HI
I am having problems understanding this question, if someone could help me as soon as possible, it will be much appreciated.

A stunt man drives a car at a speed on 20 m/s off a 30 m high cliff. The road
Leading to the cliff is inclined up ward at an angle of 20°.
(I) How far from the base of the cliff does the car land?
(ii) What is the car’s impact speed?

Sorry... hopefully, that's not too late..

First, have a sketch; considering the vertical component, your initial speed will be 20 sin(20). Use

s=ut+\frac{1}{2}at^2 to find the time taken for the car to reach the bottom of the cliff, displacement s being 30m, initial velocity u being 20 sin(20) m/s and acceleration a being 9.81m/s^2.

Then, to find the car final speed, you have to add the vertical component of the speed and its horizontal component. Your horizontal being constant at 20 cos(20) m/s, you have to find the final vertical speed. You can use

v^2 = u^2 + 2as (u=20sin(20) m/s, a=9.81m/s^2, s=30m)
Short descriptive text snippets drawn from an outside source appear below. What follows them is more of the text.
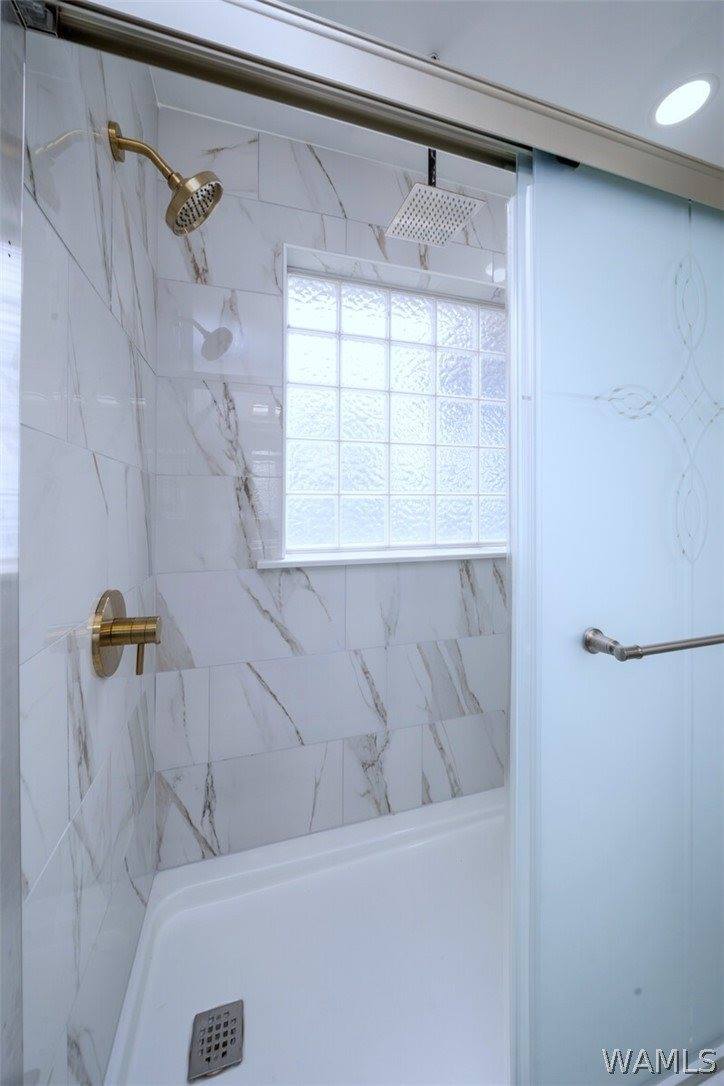 17020 Stonecliff Drive, Northport, AL 35475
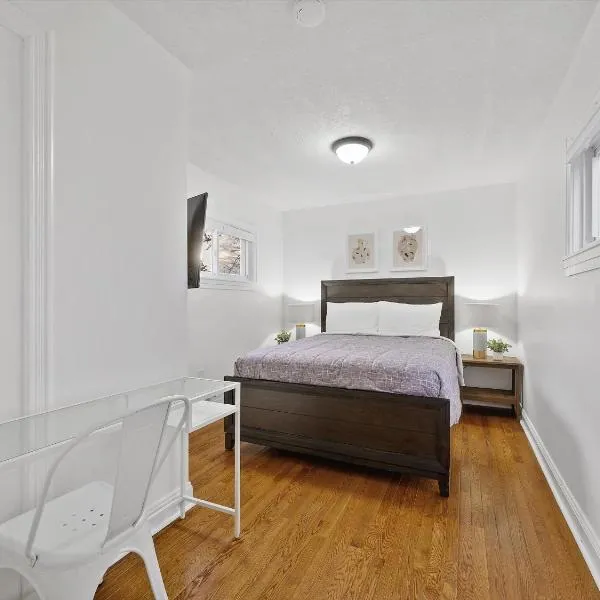 Bloomfield/Shadyside @F Quiet and Stylish Private Bedroom with Shared Bathroom，位于蒙罗维尔的酒店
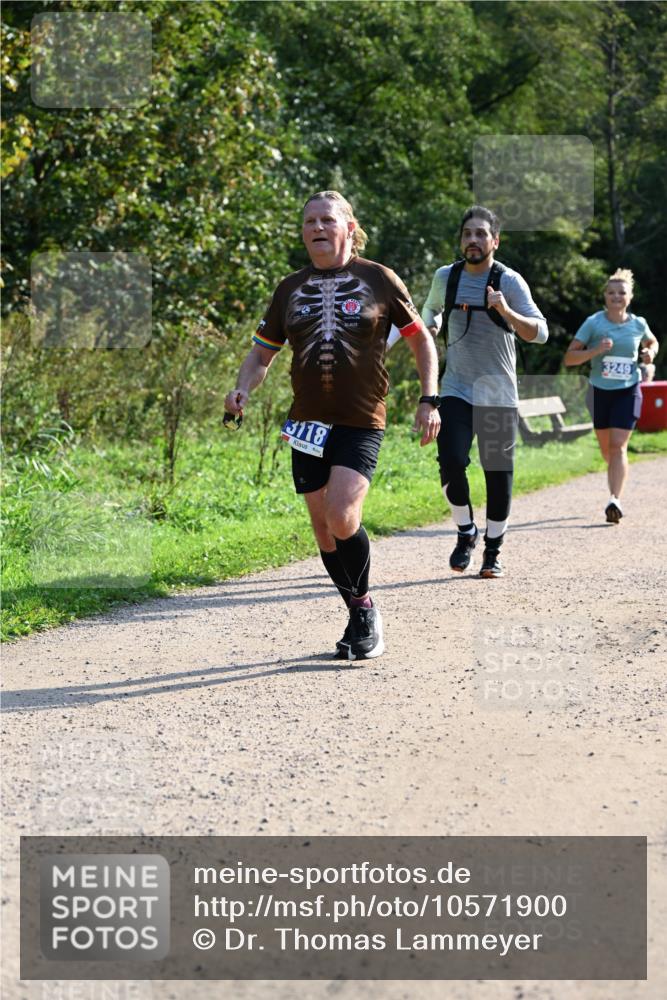 27.09.2026 - 35. Volkslauf durch das schöne Alstertal Dr. Thomas Lammeyer http://msf.ph/oto/10571900 27.09.2026 11:21:09 Laufen 3118, 3249 meine-sportfotos.de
or use the time you got before and using the formula

v=u+at

however, if you made a mistake above, then using v = u+at will be wrong. Anyway, if you id it right, you should have the same answer with both formulae.

Now, using Pythagoras' Theorem, do the square root of the sum of the square of the vertical and horizontal components,

\sqrt{(20cos(20))^2+(v^2)}

There! :) Hope it helped!

I think I don't know

Sigh, then what the use of posting, arjun?